….ωϕɛλɛɛιν η μη βλαπτɛιν…. (…to help, or at least do no harm…)
Hippocrates, Epidemics, Bk. I, Sect. XI, c. 400 B.C.
Very often, in dealing with our patients, colleagues or students, or simply gathering our observations to write a scientific article, we feel concern and frustration when considering adverse effects or complications.
In light of current medical practice, and particularly that of cardiology and cardiovascular surgery (the topic of the Revista Colombiana de Cardiología [Colombian Journal of Cardiology]), we constantly face increasingly complex patients. There are premature infants or the elderly, individuals with multiple morbidities (diabetes; mental, pulmonary, kidney, and liver diseases; fragility, etc.) and polypharmacy (diuretics, vasodilators, anticoagulants, proton pump inhibitors, antiarrhythmics, analgesics, etc.), those who have undergone several surgical re-interventions, diverse percutaneous interventions (pacemakers, defibrillators, stents, percutaneous valves, MitraClip implants, left atrial appendage closure, aortic endoprostheses, percutaneous closure of intracardiac defects, etc.), myocardial revascularization surgeries, and many others. In addition, we see the use of new medications, diets, and homeopathic products which are marketed for the treatment and management of special conditions. These treatments increase the possibility of adverse events and iatrogenic effects which put the patientś health and life at risk, increasing the length of hospital stays, the number of readmissions, and, ultimately, healthcare system costs.

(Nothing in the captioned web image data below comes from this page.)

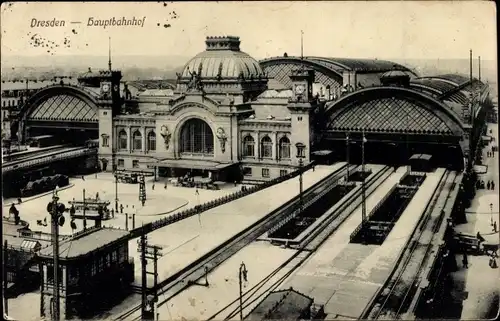 Ak Dresden, Blick auf den Hauptbahnhof aus der Vogelschau, Straßenbahn, Pferdekutschen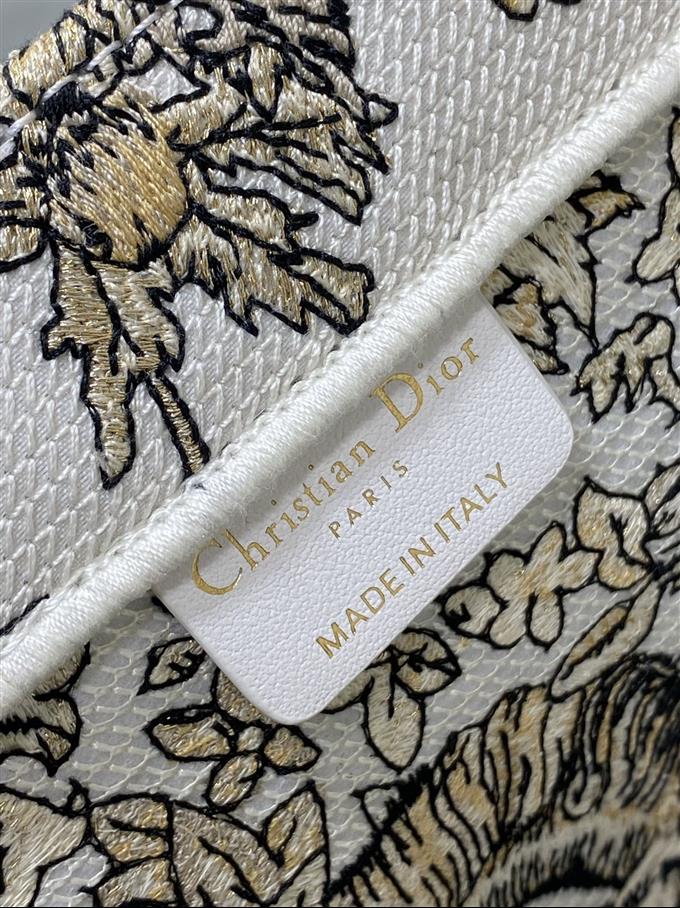 2025228Y500P212154217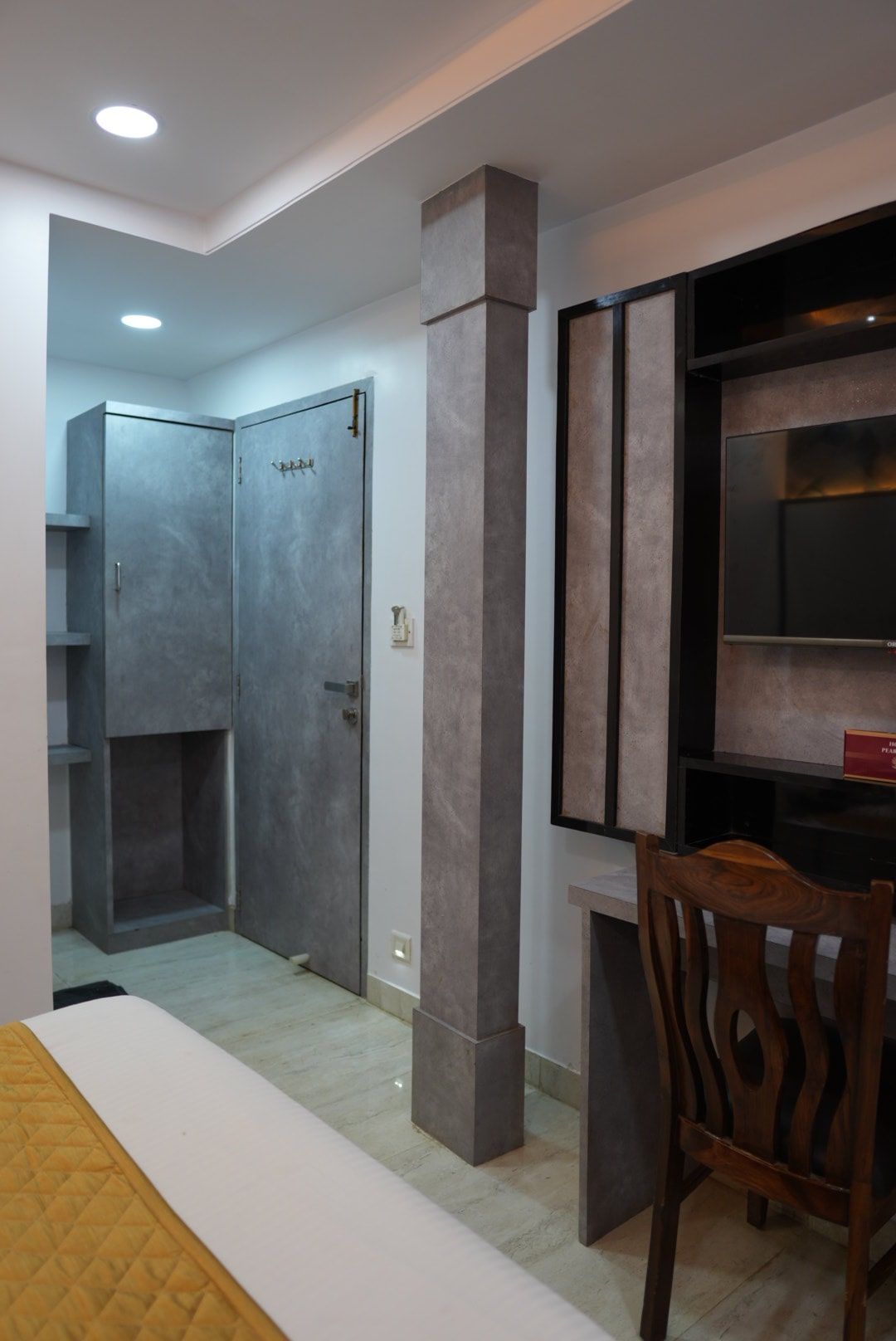 Double Bed Room – Hotel Pearl View near Us consulate BKC Mumbai (16)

Many articles speak of the efficacy of all these treatments, but very few describe their safety in depth. So-called “adverse events” are those which occur during clinical care and result from physical or psychological harm secondary to iatrogenesis rather than to the natural course of the disease or inherent patient condition. Iatrogenesis has been part of medicine from the beginning and will continue to be part of it as long as it exists as an art and a science.

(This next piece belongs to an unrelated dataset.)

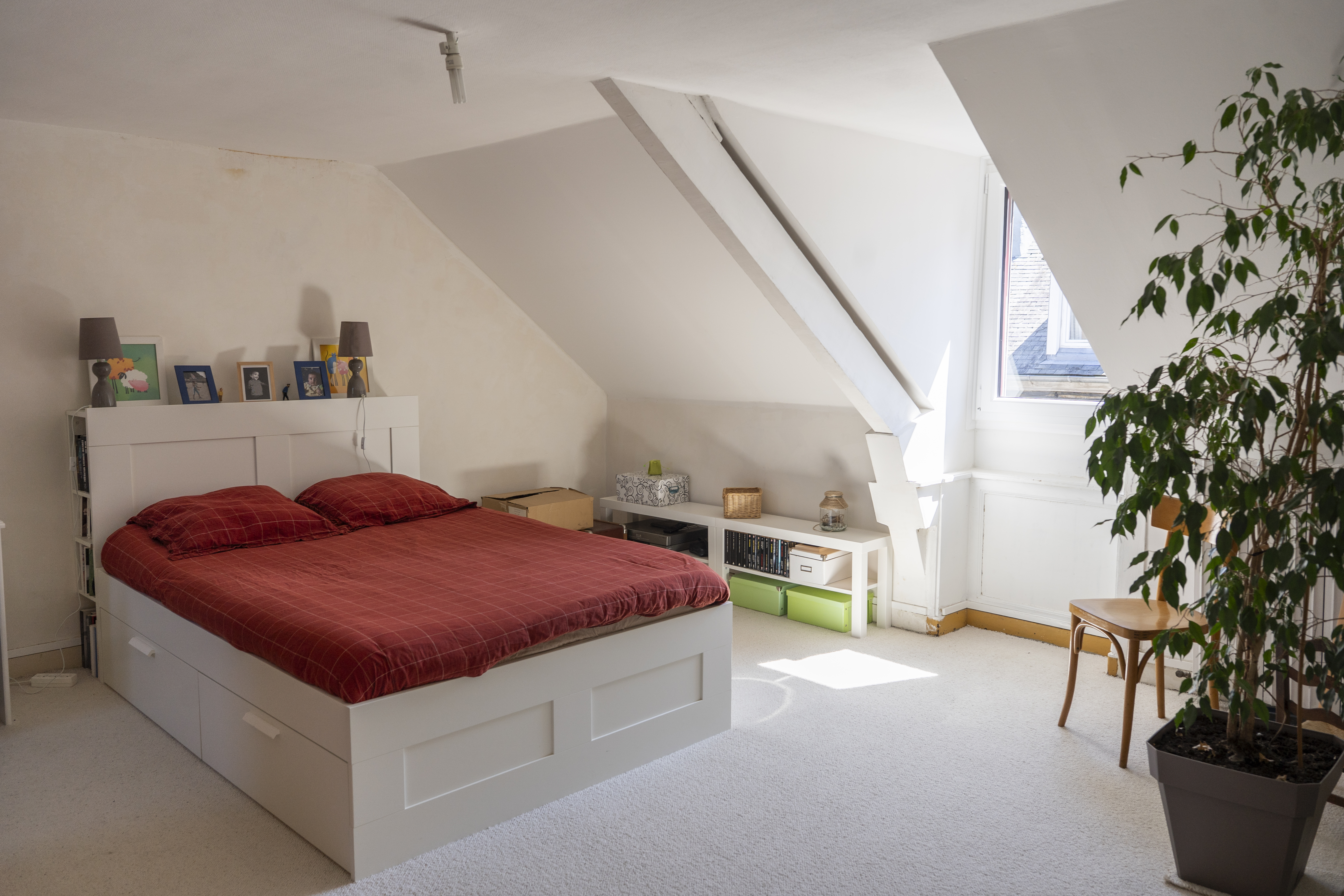 Townhouse between the train station district and the town centre of St Brieuc.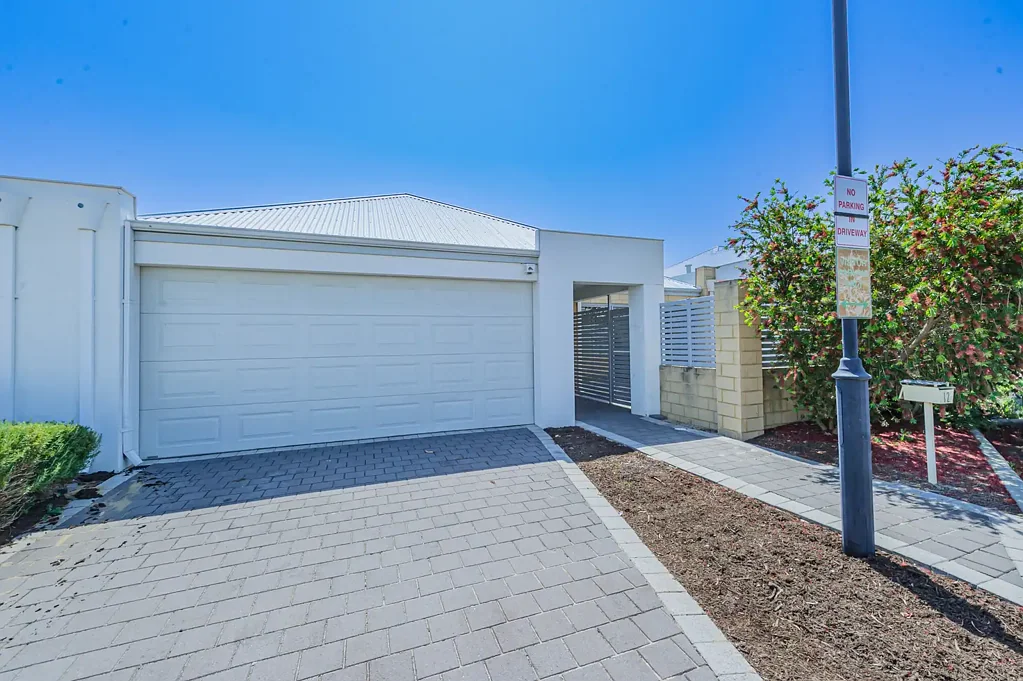 12/4 Montana Crescent, Dayton, WA 6055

Medical practice has made huge progress. However, it was not until the 60s that the effects of thalidomide and synthetic estrogens (diethylstilbestrol) were described and the Food and Drug Administration (FDA) in the United States warned of and described the adverse effects of these two medications. The progress in epidemiology and the development of clinical studies based on the scientific method, randomization and the use of control groups have helped determine the true efficacy and safety of multiple treatments.
The Journal of Patient Safety reported the real number of premature deaths associated with preventable injuries, estimated to be more than 400,000 per year. Serious injury seems to be ten to twenty times more frequent than lethal injury. According to the findings presented in the 2014 National Partnership for Patients (P4P) report, out of 11 areas considered, five reduced risks. This represented 15,500 fewer deaths and savings of 3.1 to 4 billion dollars, compared with the 2010 report.

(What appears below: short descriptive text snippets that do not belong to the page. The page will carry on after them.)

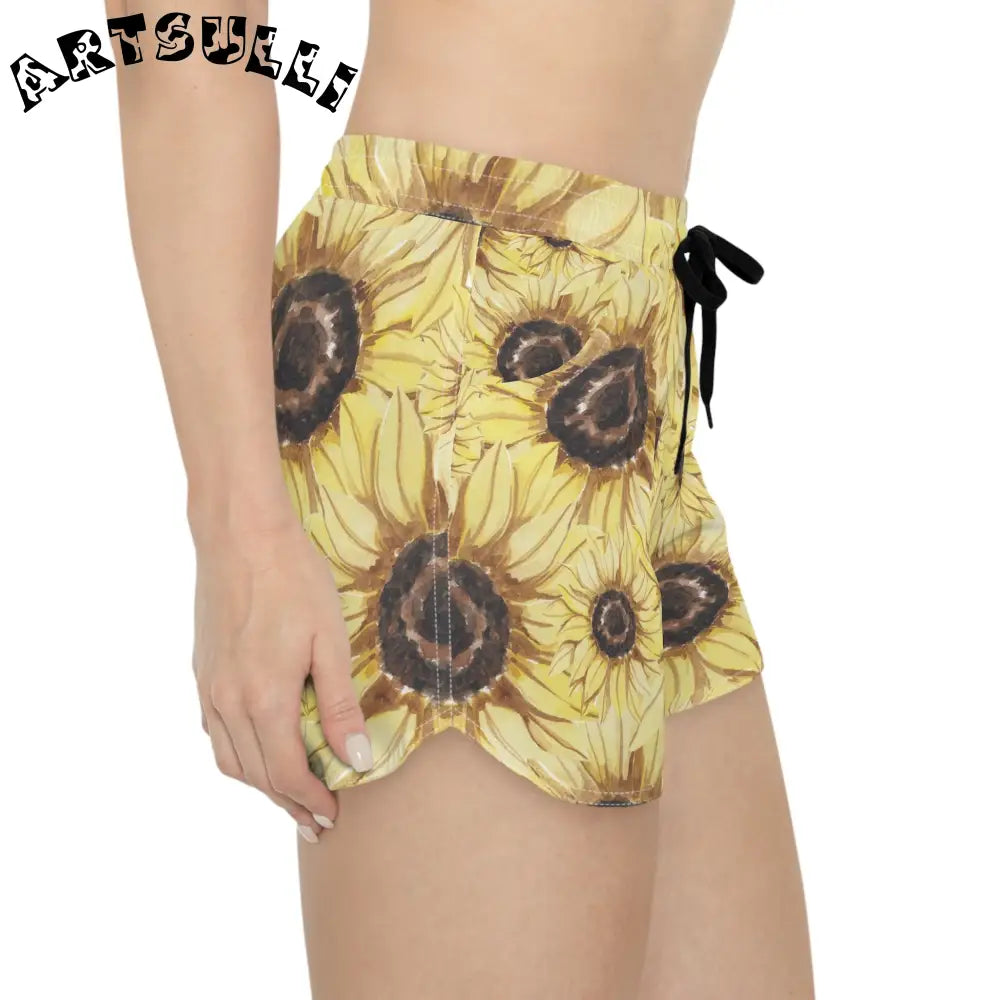JAKKOUTTHEBXX Retro Anime Sunflower Women’s Casual Shorts (AOP)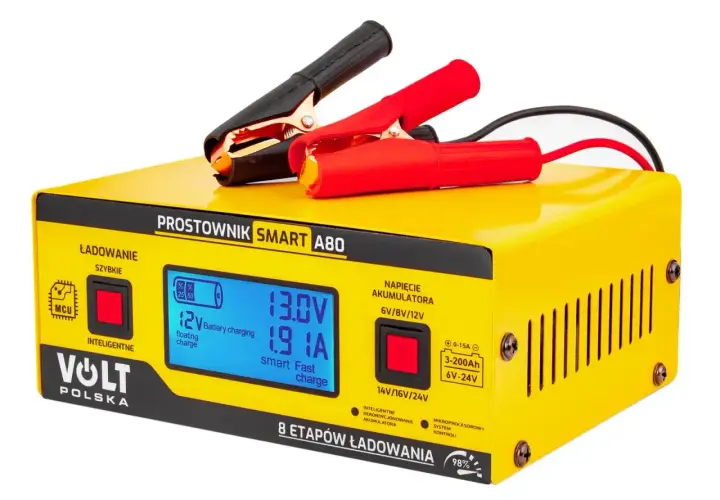 Żółty prostownik Volt Polska Smart A80 z wyświetlaczem LCD, gotowy do ładowania akumulatora. Czerwone i czarne kable z zaciskami.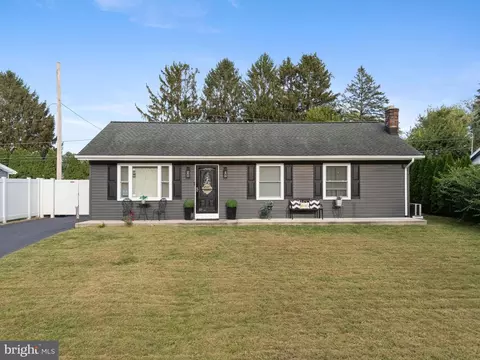 1070 James Ave, Ephrata, PA 17522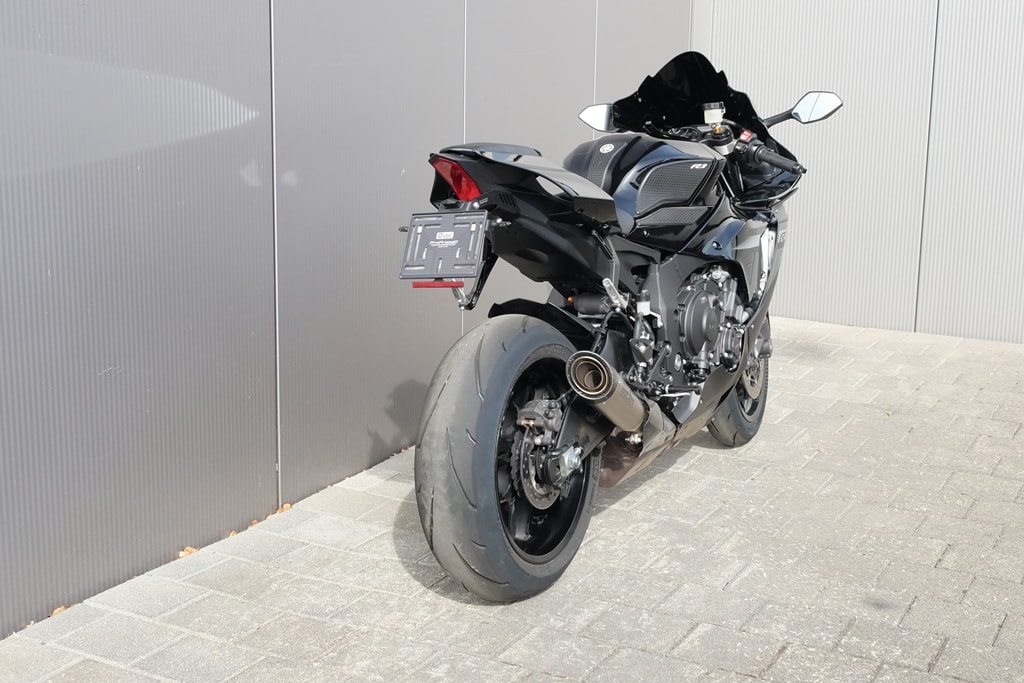 YAMAHA YZF-R1 ABS-image-1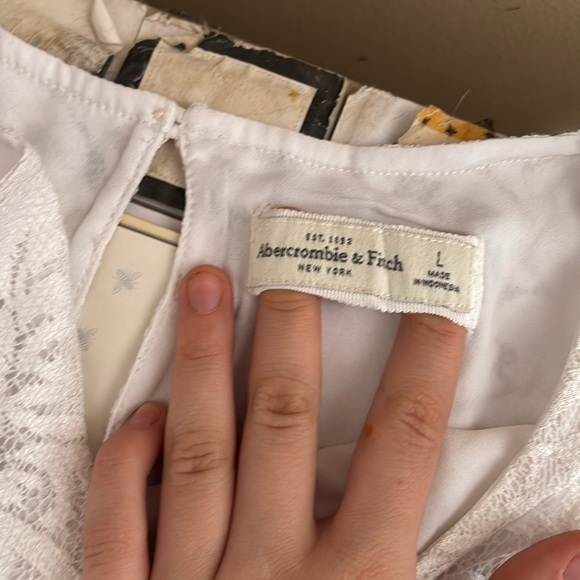 Abercrombie and Fitch New York White lace top - Picture 2 of 3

Currently, the concept of iatrogenesis has been gaining interest and popularity in clinical research. While iatrogenesis has been a “natural” cause of disease since the beginning of medicine, todaýs society is not content with the situation, and, reasonably, demands compliance with a new culture offering a sense of “patient safety” as a commitment of all members involved in comprehensive health care. The use of risk scores, identification of complex patients, creation of comprehensive care groups and analysis of the causes of medical errors should lead to improvement processes.
Despite the explosion of scientific information, we experience many adverse conditions related to medications and devices which continue in real life and put our patients at even greater risk: most medications act through increasing or decreasing the dose rather than trying to normalize the disease, which is what they were created for. There is minimal or no consideration by physicians of the innate compensatory mechanisms of the body, and the effects of polypharmacy are not completely understood (especially with opiates, analgesics, sleeping pills, antidepressants and oral anticoagulants). In general, patients have a low adherence to medications and appropriate lifestyle advice. Over-the-counter dietary supplements, herb-based products, and non-traditional alternative therapies may interfere with prescription medications and there may be interactions between these medications. Finally, indiscriminate advertising aimed at consumers, especially on radio and television, encourages patients to request specific medications by name, thus creating a direct dialogue between the consumer and the pharmaceutical company, removing the physician from the “equation”.
These few lines are merely a wake-up call for physicians, researchers and educators to consider the patientś safety, do everything possible to reduce the chance of adverse events, include the topics of iatrogenesis and cardiotoxicity in training programs, insist on the proper indications for the use of medications and performance of invasive procedures and indiscriminate implantation of devices, conduct an exhaustive clinical follow-up, and compile and publish the information for the good of our patients and the protection of the healthcare system.